2. The petitioner has challenged an order, gist of which was communicated to the petitioner under communication dated 12/15.10.2012. The respondent No.2 – Assistant Sales Tax Commissioner under the purported exercise of powers under section 67(6) of the Gujarat Value Added Tax Act, 2003 (“VAT Act” for short), detained the goods belonging to the petitioner lying in the godown situated at Unja. The Assistant Commissioner styled his order as “stop delivery” order. Brief facts may be noted at this stage.
3. The petitioner is the proprietary concern and is engaged in the business of trading in various commodities like jeera etc. For such purpose, the petitioner is a registered dealer under the provisions of the VAT Act and files its regular returns under the said Act. The petitioner trades in such commodities through the commodities exchange. The goods are warehoused at notified warehouses and upon sale of the goods, only the ownership changes hands, whereas the goods continue to lie at the same place.
4. The petitioner purchased the goods in question, mainly jeera, which is lying at godown in Unja.

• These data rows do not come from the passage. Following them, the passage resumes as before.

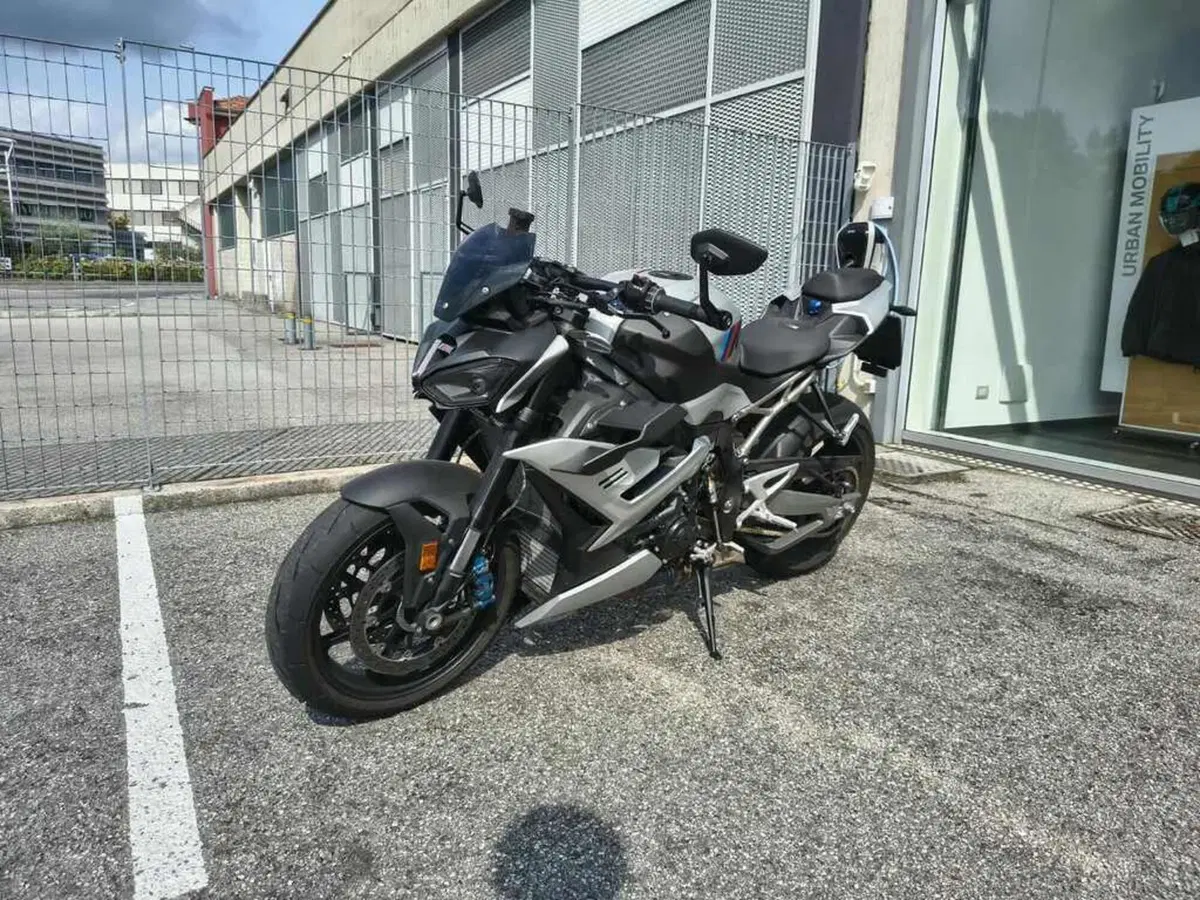 Bmw M 1000 R (2025 - 27)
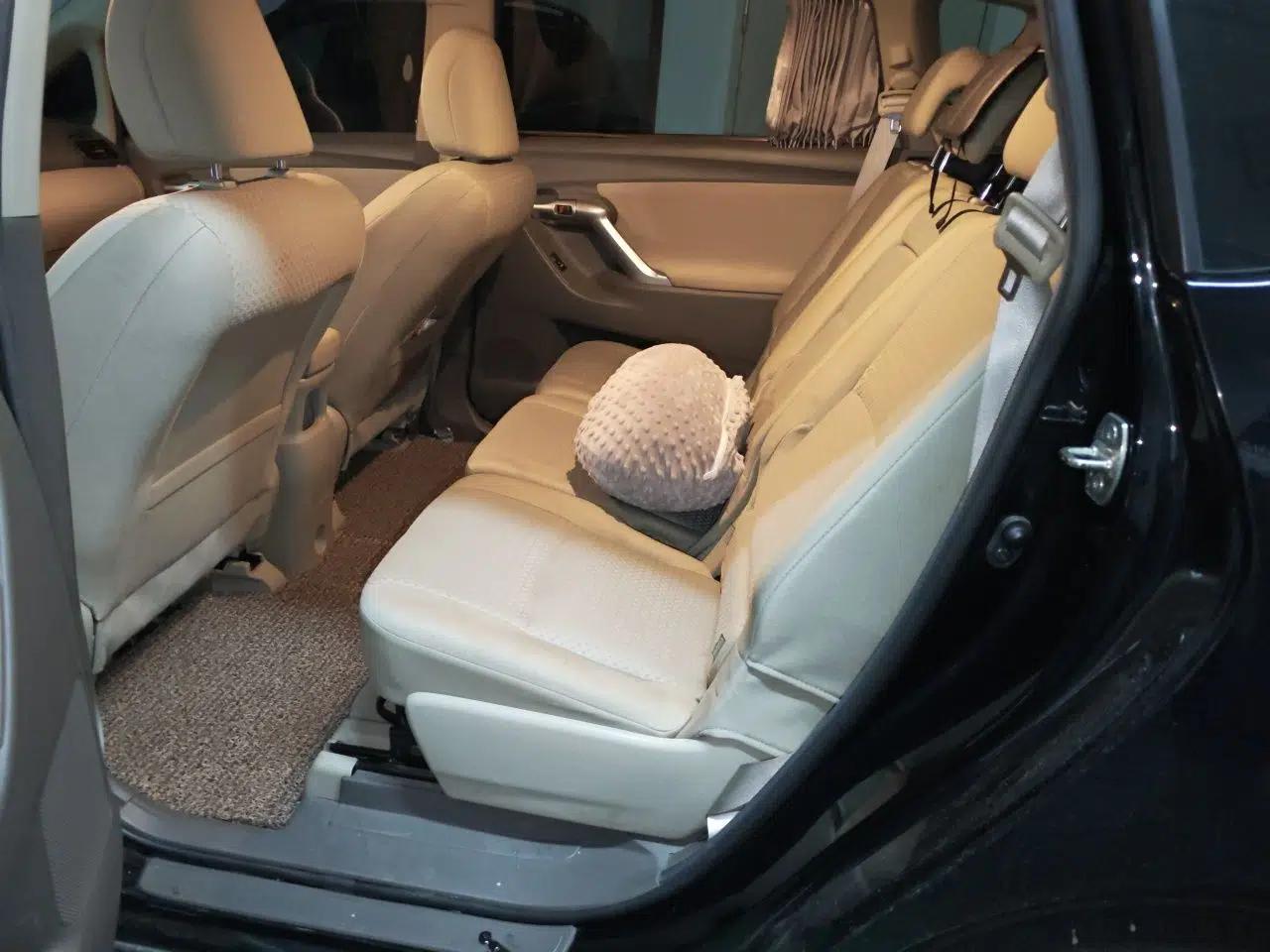 Toyota Verso 2014 Starlight 180E CVT Elite Multi-Function Edition — миниатюра 18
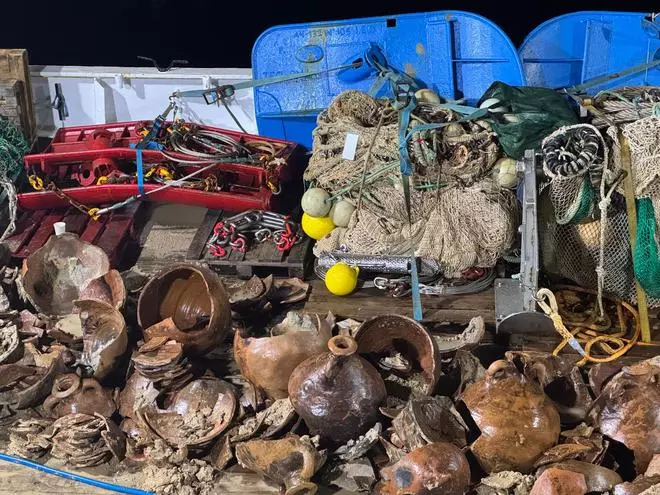 Las ánforas romanas recuperadas por el 'Miguel Oliver' vigués en Formentera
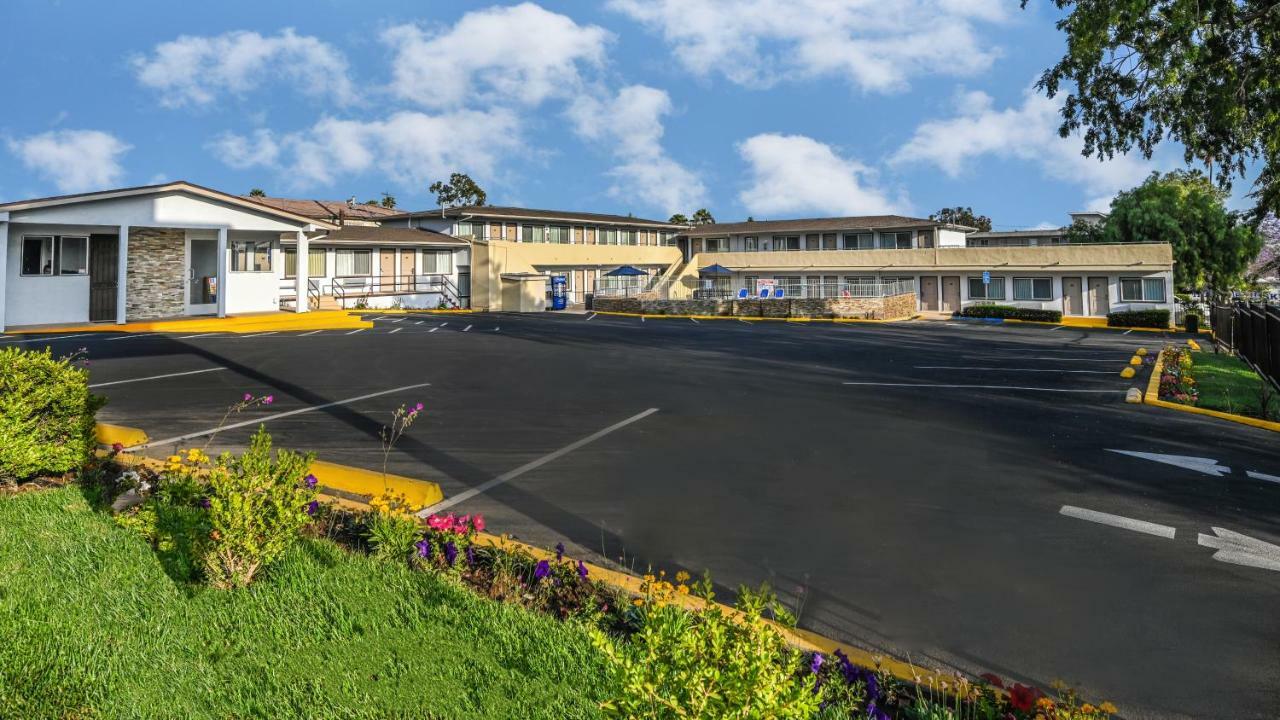 Sea Rock Inn - Long Beach Exterior photo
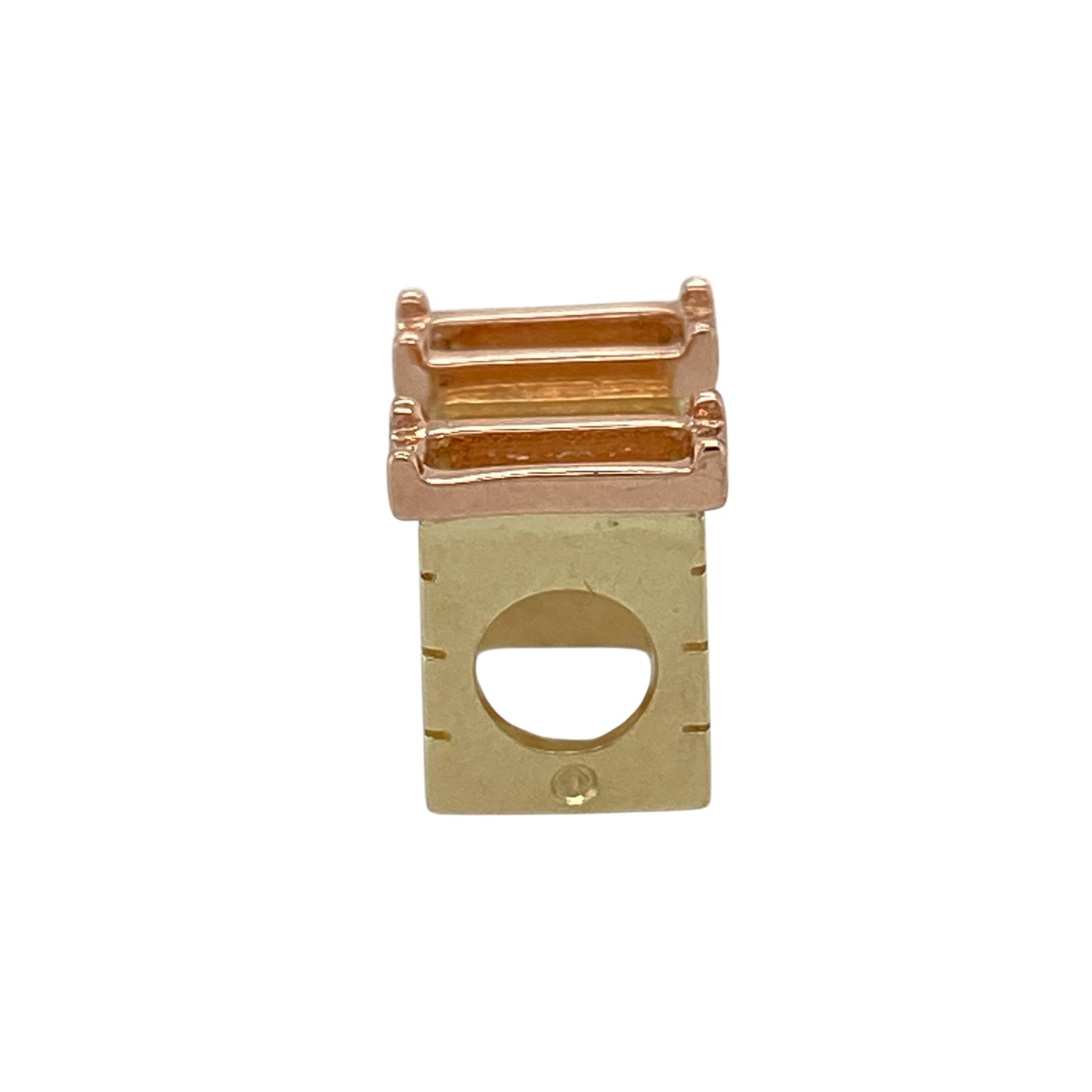 Add a touch of heritage-inspired charm to your jewellery collection with this pre-owned 9ct yellow and rose gold Clogau possible Westminster Abbey charm, combining distinctive Welsh gold tones with classic symbolism—perfect for bracelets or necklaces.

Design: The charm features an architectural-inspired motif believed to represent Westminster Abbey, presented in Clogau’s signature two-tone yellow and rose gold style for added depth and character.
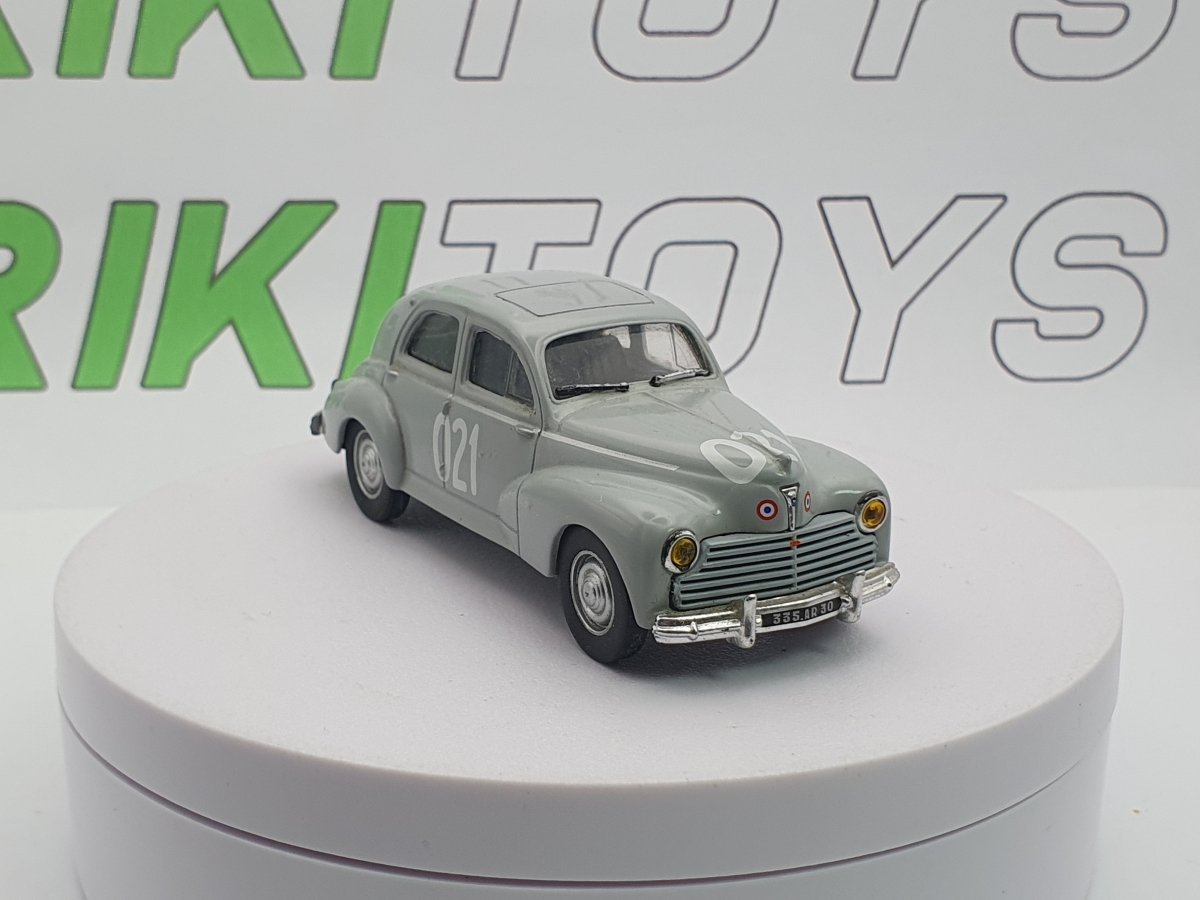 Peugeot 203 Norev 1/43 Grigio 1948 - RikiToys - Norev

5. The respondent No.2 under the impugned communication dated 12/15.10.2012, conveyed to the petitioner that such goods are under “stop delivery” order. It was not possible to lift such prohibitory order due to the reason that the petitioner had made certain purchases in the past from one M/s Surya Vinayak Industries Ltd., whose registration under the VAT Act was cancelled with effect from 1st January, 2011. The petitioner had made purchases from said M/s Surya Vinayak Industries Ltd. and upon such purchases, had claimed credit to the tune of Rs.18,66,689/- for such purchases made after 1st January, 2011. Since the registration of M/s Surya Vinayak Industries Ltd. was cancelled with effect from 1st January, 2011, according to the respondent No.2, the petitioner was not entitled to take any such credit on the purchases made after that date. The impugned communication further recorded that the petitioner was instructed to pay such amount by depositing the same with the Department. He had, however, failed to do so.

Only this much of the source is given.